Installation verification
You can also use these pre-generated .loh.res.tsv files to verify your installation. After running lohhlamod on your own system, your output should match the results provided in the repository.
Case 1: Subject s6¶
This case simulates a LOH event in the HLA-A gene, alongside an amplification at the HLA-C locus.
| HLA Gene | A1_CN | A2_CN | Normal Genotype | Tumor Genotype |
|---|---|---|---|---|
| HLA-A | 1 | 0 | Heterozygous | LOH |
| HLA-B | 1 | 1 | Heterozygous | Neutral |
| HLA-C | 3 | 1 | Heterozygous | Amplification |
Case 2: Subject s7¶
This simulates a homozygous deletion of the HLA-C gene (loss of both alleles), and a single-copy amplification at the HLA-B locus.
| HLA Gene | A1_CN | A2_CN | Normal Genotype | Tumor Genotype |
|---|---|---|---|---|
| HLA-A | 1 | 1 | Heterozygous | Neutral |
| HLA-B | 2 | 1 | Heterozygous | Amplification |
| HLA-C | 0 | 0 | Heterozygous | Homozygous deletion |
Case 3: Subject s1¶
This scenario demonstrates a copy-neutral LOH event at the HLA-A gene.
| HLA Gene | A1_CN | A2_CN | Normal Genotype | Tumor Genotype |
|---|---|---|---|---|
| HLA-A | 2 | 0 | Heterozygous | copy-neutral LOH |
| HLA-B | 1 | 1 | Homozygous | -- |
| HLA-C | 1 | 1 | Homozygous | -- |
Note
lohhlamod can only detect LOH events at heterozygous loci.
Case 4: Subject s2¶
This is a non-LOH baseline case used to verify that the tool correctly identifies balanced, heterozygous states.
| HLA Gene | A1_CN | A2_CN | Normal Genotype | Tumor Genotype |
|---|---|---|---|---|
| HLA-A | 1 | 1 | Homozygous | -- |
| HLA-B | 1 | 1 | Heterozygous | Neutral |
| HLA-C | 1 | 1 | Homozygous | -- |
Simulation generation¶
This section outlines the process used to generate the in silico datasets. I utilize a "normal-first" approach, where the tumor profile is derived by modifying the baseline normal genotype.
Normal sample¶
- Select specific HLA alleles for the in silico individual at each locus.
- Create a HLA reference file in FASTA format containing the selected alleles.
-
Generate paired-end reads from the HLA reference using dwgsim.
dwgsim -d 300 -s 20 \ -N 10000 -1 150 -2 150 \ -R 0.02 -S 2 -H -o 1 \ -e 0.00109 -E 0.00109 \ "$HLA_REF" "$OUT_PREFIX"Tip
The example above generates 10k paired-end reads (150bp) with a 300bp insert size. Refer to the dwgsim documentation for details.
-
Align the simulated reads to the human genome, then sort and index the resulting BAM file.
- Run mhcflow to obtain the necessary
inputs for
lohhlamod.
Tumor sample¶
The tumor sample is simulated by introducing copy number variations (CNVs) into the established normal profile.
- Decide the desired copy number for each allele at each HLA gene locus
- Create a tumor-specific HLA Fasta reference.
- For amplification: Include multiple copies of the amplified alleles.
- For LOH: Separate the deleted alleles from the "primary" reference.
-
Generate sequencing reads from the modified tumor reference.

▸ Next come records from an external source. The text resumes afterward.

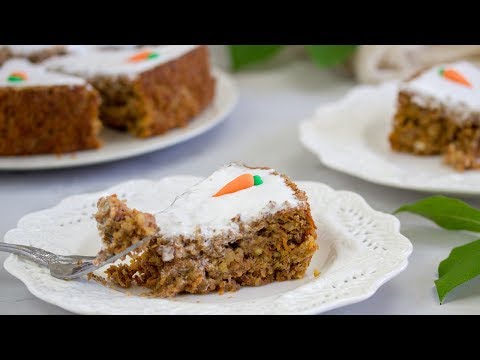 Easter Carrot Cake | Swedish Carrot Cake Recipe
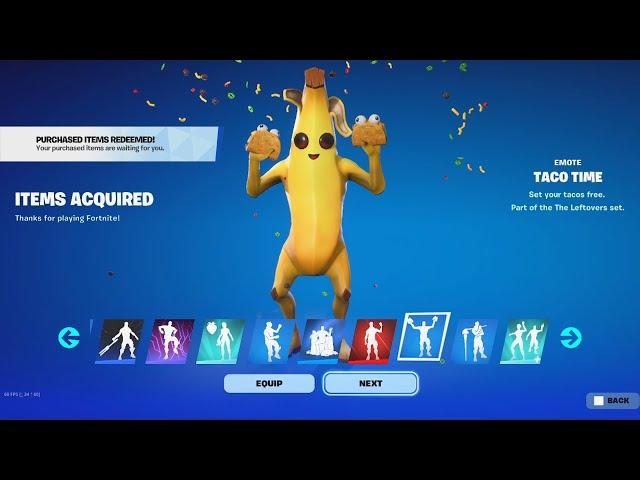 how to get any emote free in fortnite chapter 6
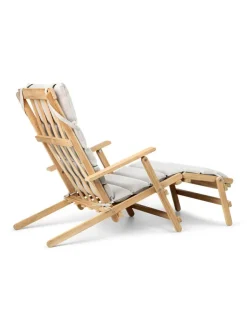 Carl Hansen & Søn Solvogne/Liggestole<BM5565 Dækstol inkl. hynde af Børge Mogensen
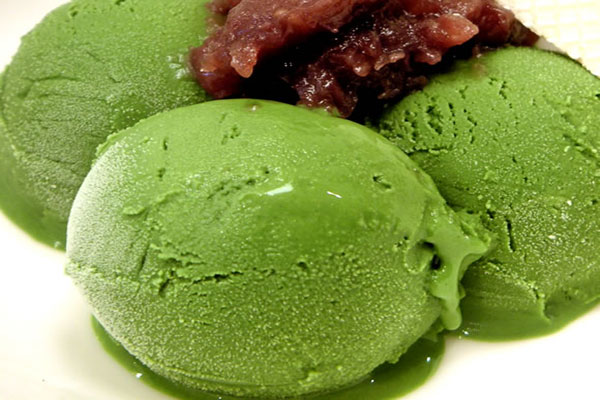 ผงนมไอศกรีมสำเร็จรูป โฮมเมด รสชาเขียว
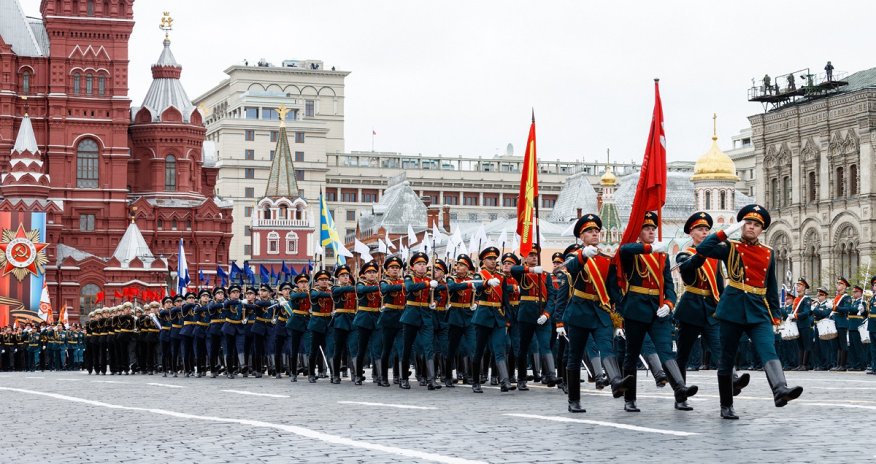 Moskvada 9 May-Qələbə Paradında spirtli içkilərin satışı məhdudlaşdırılacaq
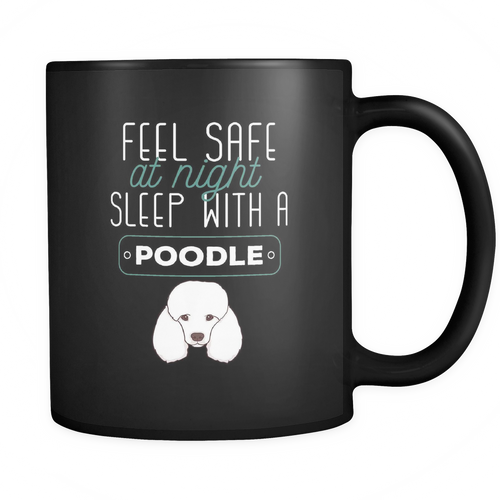 Poodle 11 oz. Mug. Poodle funny gift idea.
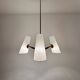 Brass Chandelier by Rupert Nikoll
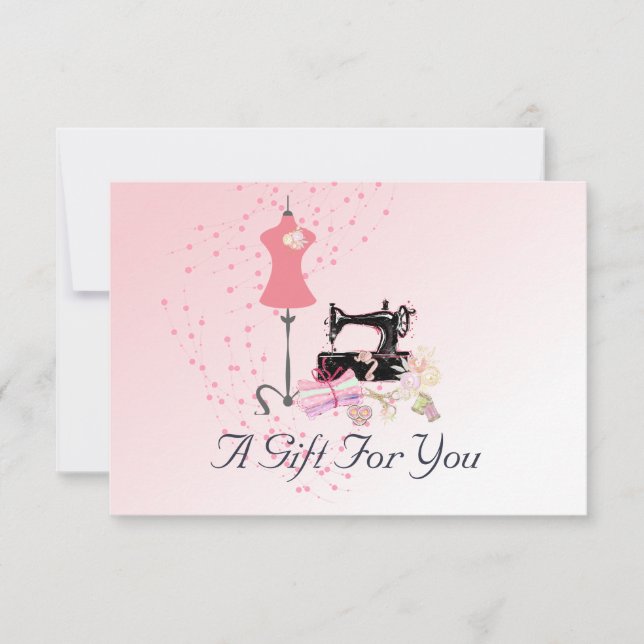 Möhippa Dress Alterations Rosa Gift-certifikat (Framsida)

dwgsim -d 280 -s 20 \ -N 20000 -1 150 -2 150 \ -R 0.02 -S 2 -H -o 1 \ -e 0.002 -E 0.002 \ "$Tumor_HLA_REF" "$OUT_PREFIX"Tip
The command uses a higher error rate (
-eand-Eflags) and shorter fragment templates (280 vs. 300) to mimic typical real-world tumor samples. -
For LOH events, simulate the "deleted" alleles separately at a significantly lower coverage (using the -N option).
- Combine all simulated tumor reads, then align, sort and index as performed in the normal workflow.
-
Run mhcflow using the
--realn_onlyflag.Note
You must use the HLA reference generated during the Normal Sample step (Step 5). Please refer to here for details.